Dataset records:

· · · · ·

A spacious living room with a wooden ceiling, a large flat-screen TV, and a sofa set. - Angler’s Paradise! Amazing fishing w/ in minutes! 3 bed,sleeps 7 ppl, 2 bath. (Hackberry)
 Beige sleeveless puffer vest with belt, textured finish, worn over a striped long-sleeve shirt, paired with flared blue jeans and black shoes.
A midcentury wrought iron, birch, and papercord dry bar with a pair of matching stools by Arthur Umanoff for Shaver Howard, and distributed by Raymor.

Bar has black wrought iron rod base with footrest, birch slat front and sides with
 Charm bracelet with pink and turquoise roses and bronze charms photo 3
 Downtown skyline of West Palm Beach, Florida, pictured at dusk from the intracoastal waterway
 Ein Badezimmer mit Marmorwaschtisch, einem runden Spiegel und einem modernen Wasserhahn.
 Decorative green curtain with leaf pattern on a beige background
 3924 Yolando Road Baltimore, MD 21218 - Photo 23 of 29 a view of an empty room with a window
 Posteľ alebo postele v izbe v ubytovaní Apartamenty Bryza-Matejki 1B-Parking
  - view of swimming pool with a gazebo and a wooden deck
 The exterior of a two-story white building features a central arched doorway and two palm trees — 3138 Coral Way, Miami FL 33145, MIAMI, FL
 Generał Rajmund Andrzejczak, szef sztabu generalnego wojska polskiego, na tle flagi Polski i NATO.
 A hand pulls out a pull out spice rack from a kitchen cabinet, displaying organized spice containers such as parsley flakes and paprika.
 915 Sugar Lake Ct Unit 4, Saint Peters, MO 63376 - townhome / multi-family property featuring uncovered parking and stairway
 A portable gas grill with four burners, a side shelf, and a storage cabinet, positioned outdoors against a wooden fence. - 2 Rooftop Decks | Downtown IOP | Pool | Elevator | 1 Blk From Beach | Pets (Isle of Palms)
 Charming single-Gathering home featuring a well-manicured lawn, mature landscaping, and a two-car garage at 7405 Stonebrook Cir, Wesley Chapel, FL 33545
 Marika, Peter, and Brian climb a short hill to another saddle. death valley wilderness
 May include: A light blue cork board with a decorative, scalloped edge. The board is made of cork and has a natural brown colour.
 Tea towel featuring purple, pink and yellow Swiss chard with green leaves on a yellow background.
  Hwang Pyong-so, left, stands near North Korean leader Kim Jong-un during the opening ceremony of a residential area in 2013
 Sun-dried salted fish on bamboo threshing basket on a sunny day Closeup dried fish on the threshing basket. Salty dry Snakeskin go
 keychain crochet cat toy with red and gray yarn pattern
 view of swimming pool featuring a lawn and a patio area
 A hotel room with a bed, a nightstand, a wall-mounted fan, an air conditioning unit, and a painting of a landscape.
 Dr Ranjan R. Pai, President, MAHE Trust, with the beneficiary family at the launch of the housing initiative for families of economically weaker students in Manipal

· · · · ·

◆ **WHAT YOU ARE ASKED TO DO**
Every line in the data above that contains "family" needs to be copied.

◆ **EXERCISE ANSWER**
 915 Sugar Lake Ct Unit 4, Saint Peters, MO 63376 - townhome / multi-family property featuring uncovered parking and stairway
 Dr Ranjan R. Pai, President, MAHE Trust, with the beneficiary family at the launch of the housing initiative for families of economically weaker students in Manipal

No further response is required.